Золотой лист [гинкго]: выпал из книги «Правда о Терре», которую отдала мне Аква, прежде чем вернуться в свой Дом. 14.XII.69.
Искусственный эдельвейс, принесенный моей новой сиделкой с запиской от Аквы, где сказано, что он снят с «мизерной и странноватой» рождественской елки в ее Доме. 25.XII.69.
Лепесток орхидеи, одной из 99-ти орхидей, а как же иначе, которыми разрешилась вчера срочная почта, доставившая их, c'est bien le cas de le dire, с виллы «Армина» в Приморских Альпах. Отложила десяток, чтобы снести Акве в ее Дом. Экс в Валлисе, Швейцария. «Снегопад в хрустальном шаре Судьбы», – как он нередко говаривал. (Дата стерта.)
Gentiane de Koch[6], редкая, принес из своего «немого генциария» лапочка Лапинэ. 5.I.1870.
[синяя чернильная клякса, случайно принявшая форму цветка или нечто, вымаранное фломастером и затем приукрашенное] Compliquaria compliquata[7], разновидность aquamarina. Экс, 15.I.70.
Фантастический бумажный цветок, найденный в сумочке Аквы. Экс, 16.II.1870, изготовлен собратом-пациентом в Доме, который больше уже не ее.
Gentiana verna (printaniere[8]).

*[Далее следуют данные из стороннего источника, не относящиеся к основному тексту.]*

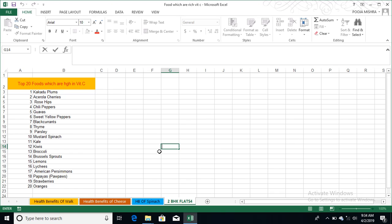Eleventh, that is kale. Twelve, kiwi - kiwi is very good. It is a very good source of vitamin C. And if you want vegetables, that is broccoli. Brussels sprouts - you can take that. Lemon. And then lichees, American persimmons, papaya, strawberries - very good for that.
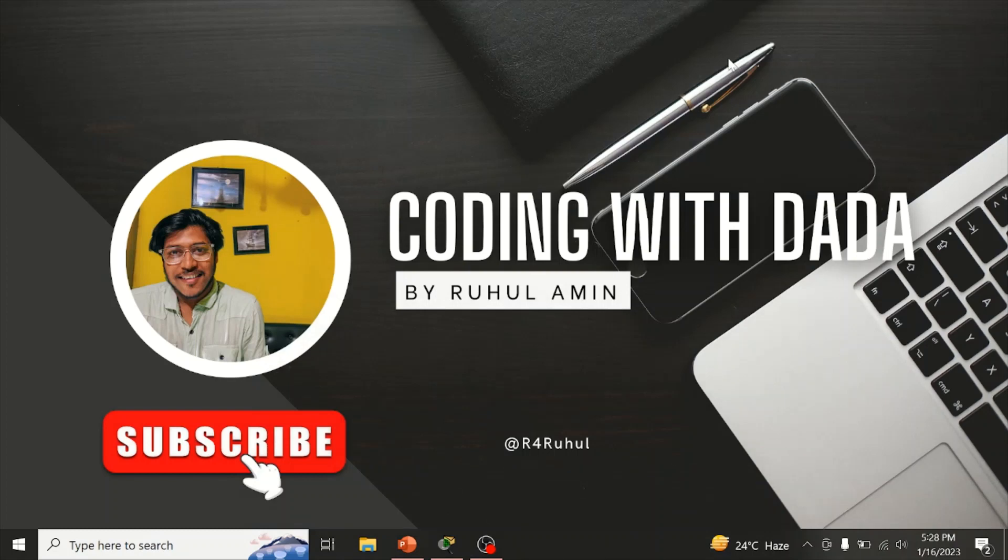Hello everyone, welcome to Coding with Dada. Today we will see the project. We will see the design demonstration of the network design, so we will see the presentation.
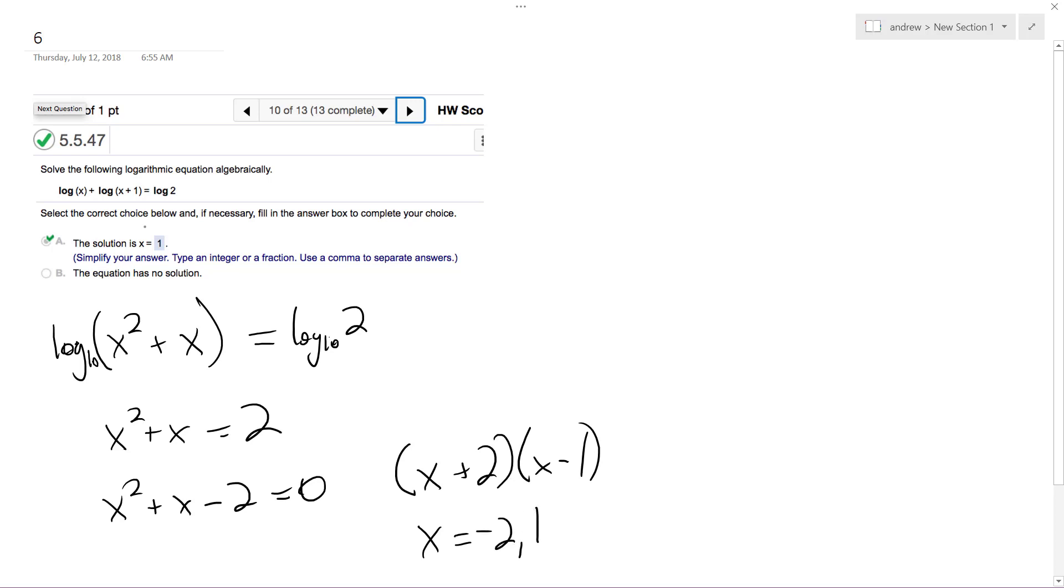I just noticed I forgot to block out the answer, but x equals 1. It cannot be equal to negative 2, because you plug in negative 2 for these logs, you'll get an invalid result. It doesn't work, but I can plug in 1.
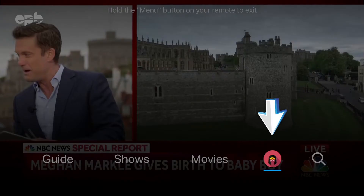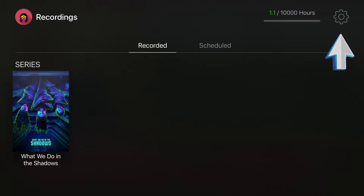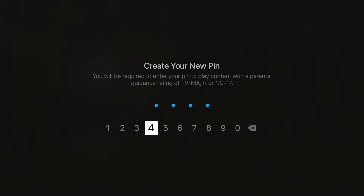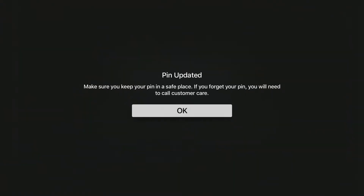To set up parental controls, go to Profiles, Settings, Parental Controls, and assign a pin number. This will automatically activate parental controls on all devices associated with your FiTV account.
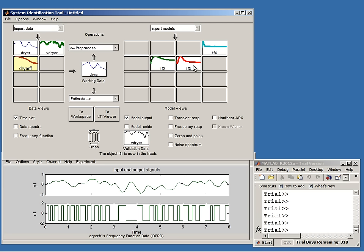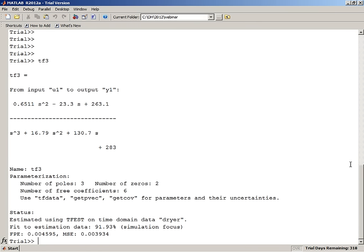I can export models to the workspace for further analysis. Let me export the good model TF3 — it is now available in the workspace. From here, if interested in control applications, I can apply all kinds of control system toolbox tools to this model, like the SISO tool.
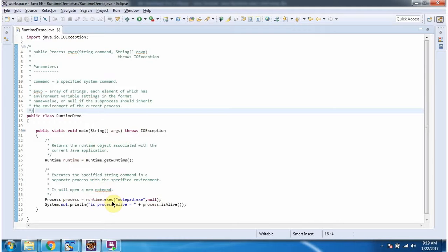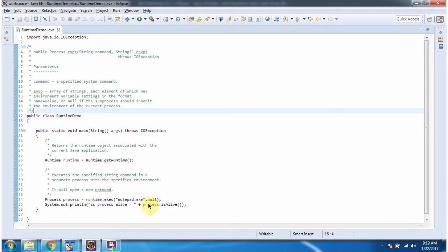Once I get the Runtime object, I am calling execute method of the Runtime object and I am passing command as notepad.exe and array of environment variable settings as null.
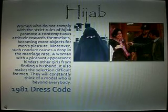In 1981, the dress code was revised. Under the Shah, women had been allowed to unveil, just as they had been allowed in Turkey following Ataturk's reforms in the 1920s after World War I. The veil returns in force in Iran. The 1981 dress code presents some rationales: 'Women who do not comply with the strict rules of hijab promote a contemptuous attitude towards themselves, becoming mere objects for men's pleasure. Moreover, such conduct causes a drop in the marriage rate. A woman with a pleasant appearance hinders other girls from finding a husband and makes the selection difficult for men.'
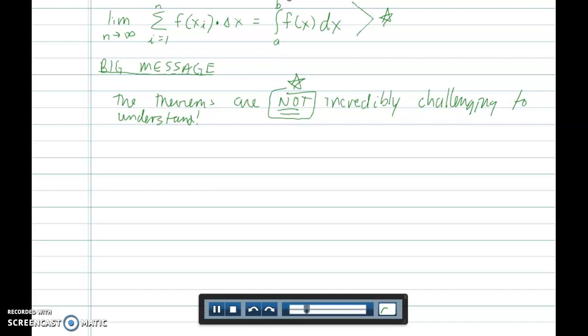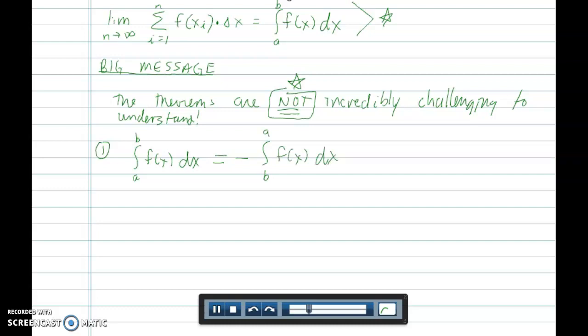Here's the first theorem in the book — Theorem 5.2, Properties of Limits of Integration. The first property says: if you have the integral from a to b of f of x dx, that's equivalent to the opposite of the integral from b to a of f of x dx. Somebody might look at this and say they'll memorize it, but that's not the point. The point — the thrill, really — is for you to make sense of this.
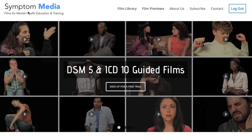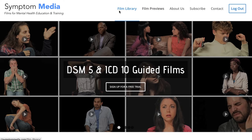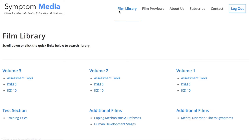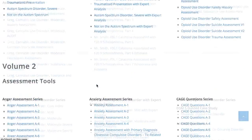Welcome to a preview of a Symptom Media DSM-5 guided case study. How are people using Symptom Media's DSM-5 guided cases? With access to over 500 assessment tools, DSM-5 and ICD-10 guided cases,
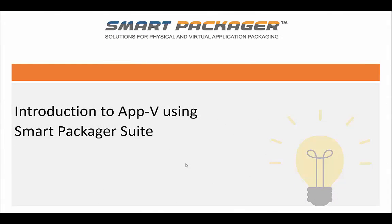Hello, I am Jeff Weber and welcome to another one of SmartPackager videos. Today we're going to go over an introduction to App-V using the SmartPackager suite.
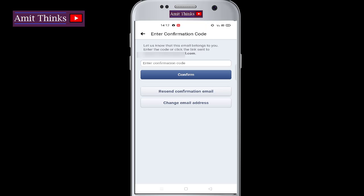On your email ID, you will be getting a confirmation code. That will confirm your email. You need to just add the confirmation code here and click on Confirm to confirm your pending email address on Facebook.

Экс, 28.III.1870, на лужайке у дома моей сиделки. Последний день здесь.
Малолетние открыватели этого странного и скверного сокровища так прокомментировали его:
– Я вывожу отсюда, – сказал мальчик, – три коренных факта: что еще не замужняя Марина и ее замужняя сестра залегли на зимнюю спячку в моем lieu de naissance; что у Марины имелся pour ainsi dire собственный доктор Кролик; и что орхидеи прислал ей Демон, предпочитавший отсиживаться у глади морской – его темно-синей прабабки.

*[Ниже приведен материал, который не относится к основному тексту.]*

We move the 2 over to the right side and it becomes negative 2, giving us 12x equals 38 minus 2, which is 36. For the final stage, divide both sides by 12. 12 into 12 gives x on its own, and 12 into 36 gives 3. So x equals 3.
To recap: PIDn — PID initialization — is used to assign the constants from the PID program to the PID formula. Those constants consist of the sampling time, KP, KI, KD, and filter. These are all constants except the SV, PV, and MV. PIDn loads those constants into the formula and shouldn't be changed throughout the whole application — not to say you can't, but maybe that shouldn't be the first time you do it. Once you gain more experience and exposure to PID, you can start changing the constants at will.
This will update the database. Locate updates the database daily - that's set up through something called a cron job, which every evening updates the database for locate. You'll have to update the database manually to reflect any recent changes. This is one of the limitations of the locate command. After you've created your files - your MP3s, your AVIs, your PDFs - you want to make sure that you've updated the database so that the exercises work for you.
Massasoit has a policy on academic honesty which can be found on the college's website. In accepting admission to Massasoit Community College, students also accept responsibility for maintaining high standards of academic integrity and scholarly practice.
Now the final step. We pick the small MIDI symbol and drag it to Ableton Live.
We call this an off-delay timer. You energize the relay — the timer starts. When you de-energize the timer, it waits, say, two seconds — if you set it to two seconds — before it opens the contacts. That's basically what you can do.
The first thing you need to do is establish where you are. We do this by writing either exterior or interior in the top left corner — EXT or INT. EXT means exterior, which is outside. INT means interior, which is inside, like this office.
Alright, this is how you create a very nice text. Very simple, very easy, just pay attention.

– Могу добавить, – сказала девочка, – что лепесток принадлежит заурядной любке двулистной, она же орхидея-бабочка, что моя мать была еще безумней своей сестры, и что в бумажном цветке, столь беспечно забытом, легко распознать весенний подлесник, которых я целую кучу видела в прошлый февраль на береговых холмах Калифорнии. Доктор Кролик, здешний натуралист, которого ты, Ван, приплел сюда ради ускоренной передачи сюжетных сведений, как назвала бы это Джейн Остин (вы помните Брауна, не правда ли, Смит?), определил экземпляр, привезенный мной в Ардис из Сакраменто, как «медвежью лапу», B-E-A-R, мой любимый, медвежью, а не мою, не твою, и не стабианской цветочницы, – вот аллюзия, которую твой отец, – впрочем, если верить Бланш, и мой тоже, уловил бы – сам знаешь как, – вот этак (по-американски щелкает пальцами). Ты еще мне спасибо скажи, – продолжала она, обнимая его, – что я обошлась без научного названия. И кстати, другая лапа – Pied de Lion[9] с жалкой рождественской лиственницы, изготовлена той же рукой, принадлежавшей, быть может, полуживому китайчику, едва дотащившемуся туда из Барклайского университета.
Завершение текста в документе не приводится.